Why can't we be confident about things we don't fully understand? Well, that's part of knowing. Knowing when your knowledge base is so limited that you have to pull a Reid and humble yourself before the stark vacuum of description and language. We aren't very good at it. What is mind? No idea. What are thoughts? I have no idea. Where do they come from? Well, that's the point isn't it. Like Kant's Noumenal, if I don't have access to it, I can't make all these sweeping claims about it. Nature/Nuture? Well, good luck.


Descartes was maybe onto something here when he said we know we have our own thoughts and nothing else. The experience of "thoughts" is somewhat obvious. I'm down for that. But knowing our own "thoughts" does not give us much confidence if we are honest. We don't know how those ideas correspond to the outside world. AND, more importantly, we don't know if other people even have thoughts. Only our own. So speaking about them is assuming something about other people.

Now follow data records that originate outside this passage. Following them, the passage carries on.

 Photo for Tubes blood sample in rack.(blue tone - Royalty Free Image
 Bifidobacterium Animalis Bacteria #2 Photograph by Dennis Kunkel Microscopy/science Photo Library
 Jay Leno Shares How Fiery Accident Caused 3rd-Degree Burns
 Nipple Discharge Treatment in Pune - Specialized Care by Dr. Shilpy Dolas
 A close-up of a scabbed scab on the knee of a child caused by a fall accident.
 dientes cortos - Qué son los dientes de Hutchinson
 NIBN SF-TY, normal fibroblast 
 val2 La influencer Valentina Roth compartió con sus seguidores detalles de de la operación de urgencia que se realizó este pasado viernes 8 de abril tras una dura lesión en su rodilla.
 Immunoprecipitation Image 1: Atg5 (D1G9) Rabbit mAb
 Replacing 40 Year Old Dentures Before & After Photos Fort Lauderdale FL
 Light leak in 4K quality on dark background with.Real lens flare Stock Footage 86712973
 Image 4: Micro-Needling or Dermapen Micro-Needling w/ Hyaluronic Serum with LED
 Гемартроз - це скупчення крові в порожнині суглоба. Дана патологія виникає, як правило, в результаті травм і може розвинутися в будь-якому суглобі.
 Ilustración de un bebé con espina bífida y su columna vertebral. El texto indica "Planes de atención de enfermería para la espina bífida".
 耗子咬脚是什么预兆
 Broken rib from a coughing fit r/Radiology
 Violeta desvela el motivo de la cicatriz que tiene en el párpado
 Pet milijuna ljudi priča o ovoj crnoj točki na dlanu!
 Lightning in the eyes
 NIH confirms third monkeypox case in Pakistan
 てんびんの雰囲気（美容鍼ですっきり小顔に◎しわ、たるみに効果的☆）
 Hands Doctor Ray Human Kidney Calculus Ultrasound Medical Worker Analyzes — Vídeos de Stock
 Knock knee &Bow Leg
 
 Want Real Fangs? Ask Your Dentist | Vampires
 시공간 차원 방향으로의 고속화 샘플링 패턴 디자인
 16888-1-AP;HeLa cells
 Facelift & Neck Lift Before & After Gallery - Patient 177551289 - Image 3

I for one, as a realist, believe others have similar experiences to mine. So, I can infer that they have thoughts. But that's the end really. I'm a realist, not a mystic. Just like the rabbit gets the carrot idea but not the food processor one, I get somethings and not others. I don't have the access. The limit to knowledge is the wisdom philosophers contain, not really the knowledge itself. And if there is specific whole knowledge about a thing, like maybe the brain, there are scientists for that. Neuroscientists in this instance.


So, pretending like you can understand mind, especially with no training in philosophy, is like doing brain surgery because you're a buttering-toast expert. Learn philosophy and then see the boundaries and the proceed with caution into the world of the mind. It's a long journey.